Wykłady w Internecie, zajęcia praktyczne na miejscu. Tak w wielu polskich uczelniach będzie wyglądała nauka w najbliższym roku akademickim. Wytyczne dla rektorów przygotowało ministerstwo nauki i szkolnictwa wyższego. Resort zaleca na przykład kształcenie hybrydowe i zmniejszenie liczebności grup na zajęciach praktycznych.

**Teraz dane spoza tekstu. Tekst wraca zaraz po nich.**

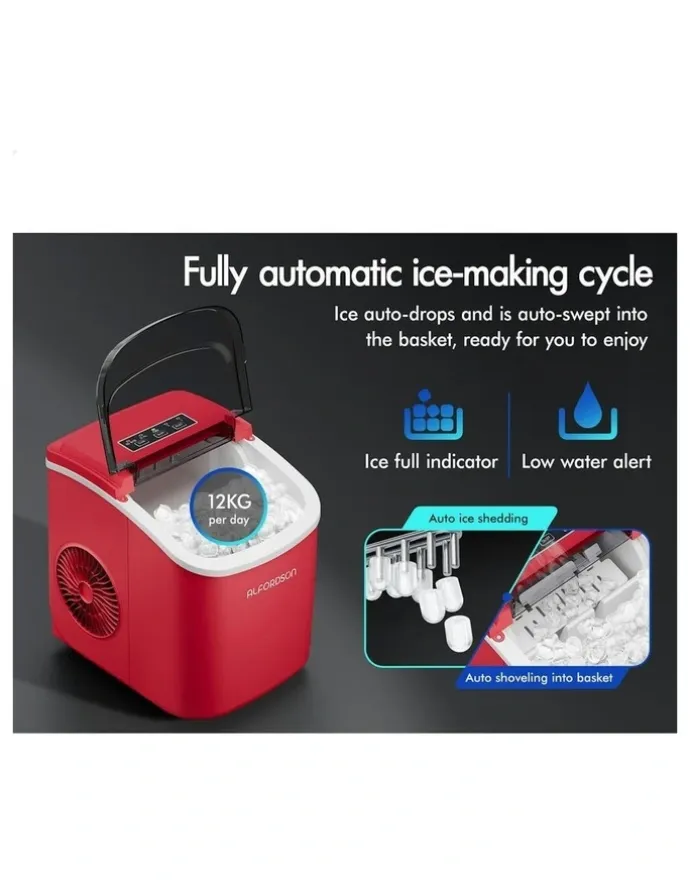 Alfordson Portable Ice Maker Machine 12kg in Red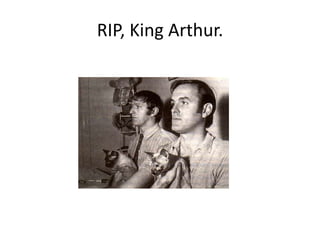26. Words spoken by whom for whom?______, is no more. He has ceased to be. Bereft of life, he rests in peace. He's kicked the bucket, hopped the twig, bit the dust, snuffed it, breathed his last, and gone to meet the great Head of Light Entertainment in the sky. And I guess that we're all thinking how sad it is that a man of such talent, of such capability for kindness, of such unusual intelligence, should now so suddenly be spirited away at the age of only forty-eight, before he'd achieved many of the things of which he was capable, and before he'd had enough fun.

Profesor Barbara Gawdzik, prorektor do spraw kształcenia w Uniwersytecie Jana Kochanowskiego mówi, że w nowym roku akademickim studentów nie czeka wiele zmian, a te które wejdą w życie będą korzystne zarówno dla żaków, jak i nauczycieli akademickich. Profesor Barbara Gawdzik podkreśla, że uczelnie dostały dużą autonomię, jeżeli chodzi o organizację kształcenia.
– Zajęcia będą odbywały się w formie tradycyjnej, mówię o zajęciach praktycznych: ćwiczeniach czy seminariach. Natomiast wykłady będą prowadzone w formie zdalnej. Przy czym jeżeli dziekan danego wydziału uzna, że w związku ze specyfiką jakiegoś kierunku potrzebne jest prowadzenie wykładów stacjonarnych, to tak też się stanie – tłumaczy profesor Barbara Gawdzik.
Profesor Artur Maciąg, prorektor do spraw studenckich i dydaktyki w Politechnice Świętokrzyskiej mówi, że uczelnia zdecydowała się na kształcenie hybrydowe. Ale jak dodaje ze względu na specyfikę uczelni, gdzie wiele zajęć ma charakter praktyczny, jest to trudniejsze niż w uniwersytetach. Najtrudniejsza jest organizacja zajęć praktycznych.
– Mamy z tym problem. My musimy się dostosować do wytycznych ministerstwa i Głównego Inspektora Sanitarnego. Już podjęliśmy decyzję, że grupy ćwiczeniowe będą mniejsze. Zastanawiamy się też nad takim rozwiązaniem, że jedna część grupy ma najpierw zajęcia przez jakiś czas, a w drugiej części ćwiczeń zmieniają ich studenci, którzy czekali na swoją kolej – twierdzi prorektor Politechniki Świętokrzyskiej.
Resort nauki i szkolnictwa wyższego zaapelował też do uczelni o kameralną inaugurację roku akademickiego. Gości ma być możliwie najmniej. Obie kieleckie szkoły wyższe nie zdecydowały jeszcze jak oficjalny początek roku będzie wyglądał.